Kan ik een ander garen gebruiken dan staat aangegeven in het patroon?
Bij het kiezen van een ander garen is het belangrijk dat de stekenverhouding hetzelfde blijft. De afmetingen van het uiteindelijke werk zijn dan hetzelfde als aangegeven in de tekening bij het patroon. Het is makkelijker om dezelfde stekenverhouding te krijgen als u garen gebruikt uit dezelfde garengroep. Het is ook mogelijk om meerdere draden van een dunner garen te gebruiken om de stekenverhouding van een dikker garen te krijgen. Probeer onze garenvervanger. We raden u aan om altijd een proeflapje te maken.
LET OP: als u een ander garen neemt, kan het kledingstuk een andere 'look en feel' krijgen dan het kledingstuk op de foto, vanwege individuele eigenschappen en kwaliteiten van elk garen.
Bekijk de DROPS les: Kan ik een ander garen gebruiken dan staat aangegeven in het patroon?
Wat zijn de garengroepen?
Al onze garens zijn ondergebracht in garengroepen (van A tot F) volgens dikte en stekenverhouding – groep A bevat de dunste garens en groep F de dikste. Dit maakt het makkelijker voor u om alternatieve garens te vinden voor onze patronen, indien u graag ander garen wilt gebruiken. Alle garens binnen dezelfde groep hebben ongeveer eenzelfde stekenverhouding en kunnen elkaar vervangen. Het is wel zo dat verschillende garenkwaliteiten verschillende structuren en eigenschappen hebben, wat het uiteindelijke werkstuk een unieke 'look en feel' geeft.
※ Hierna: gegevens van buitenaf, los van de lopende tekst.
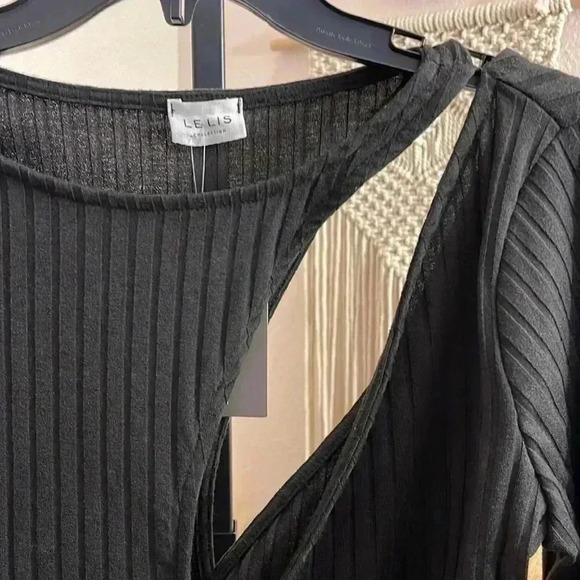 NWT LE LIS Women’s Long Sleeve Bodysuit Size Small - Picture 2 of 4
Klik hier voor een overzicht van de garens in elke garengroep
Hoe gebruik ik de garenvervanger?
Bovenaan al onze patronen vindt u een link naar onze garenvervanger, welke handig kan zijn als u een ander garen wilt gebruiken dan staat aangegeven in het patroon. Door het garen in te vullen dat u wilt vervangen, de hoeveelheid (in uw maat) en het aantal draden, stelt de vervanger geschikte alternatieven voor met dezelfde stekenverhouding. Daarnaast wordt aangegeven hoeveel u nodig heeft in de nieuwe kwaliteiten en of u met meerdere draden moet werken. De meeste bollen zijn 50 gram (sommige zijn 25 gram of 100 gram).
Als het patroon met meerdere kleuren wordt gebreid/gehaakt, moet elke kleur apart worden vervangen. Dit geldt ook als het patroon met verschillende draden van verschillende garens wordt gemaakt (bijvoorbeeld 1 draad Alpaca en 1 draad Kid-Silk) dan zult u voor elk individueel alternatieven moeten vinden.
Waarom staan er garens in de patronen die niet meer leverbaar zijn?
Omdat de verschillende garens verschillende kwaliteiten en verschillend texturen hebben, hebben we ervoor gekozen om het originele garen in het patroon te laten staan. Maar u kunt vrij makkelijk andere opties vinden tussen de beschikbare garenkwaliteiten door onze garenvervanger te gebruiken, of door een garen uit dezelfde garengroep uit te kiezen.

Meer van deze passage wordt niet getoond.